▸ **Data**
BEGIN

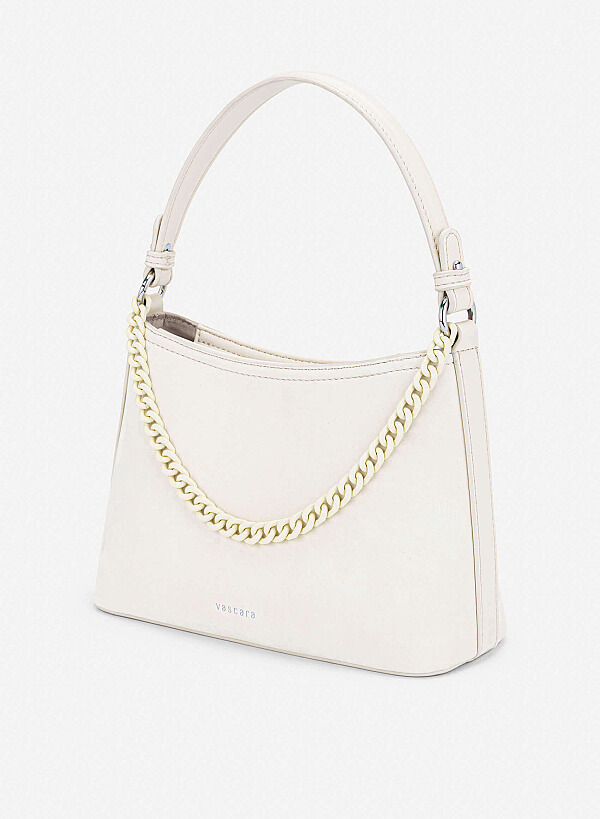 Tone-on-tone Chain Bucket Bag - TTE 0195 - Cream - VASCARA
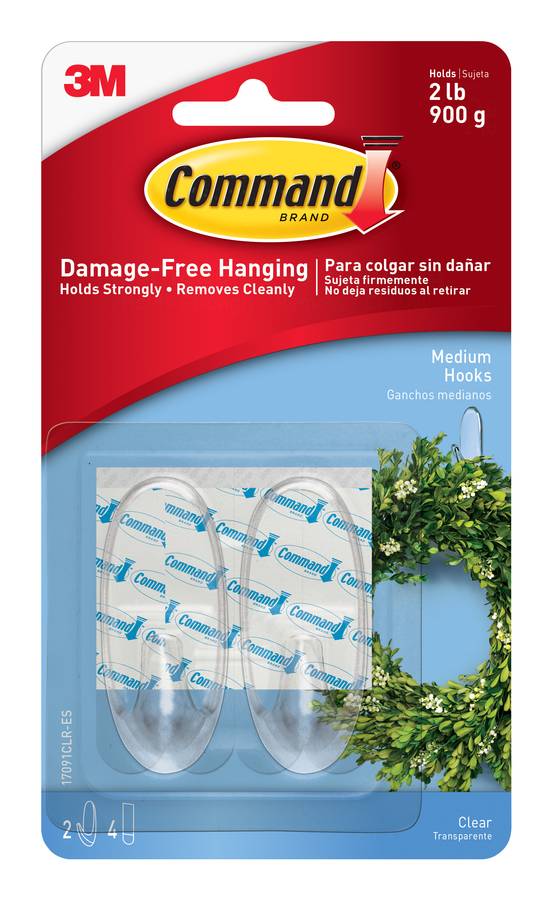 3M Command Medium Clear Hooks with Clear Strips (2 ct)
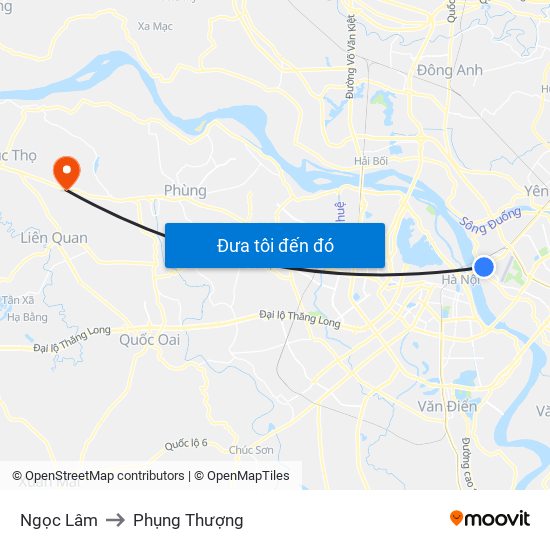 Ngọc Lâm to Phụng Thượng map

END

Only the lines from the one holding "3M Command Medium" through the end of the data are to be printed, exactly as they stand and with no pictures.

 3M Command Medium Clear Hooks with Clear Strips (2 ct)
 Ngọc Lâm to Phụng Thượng map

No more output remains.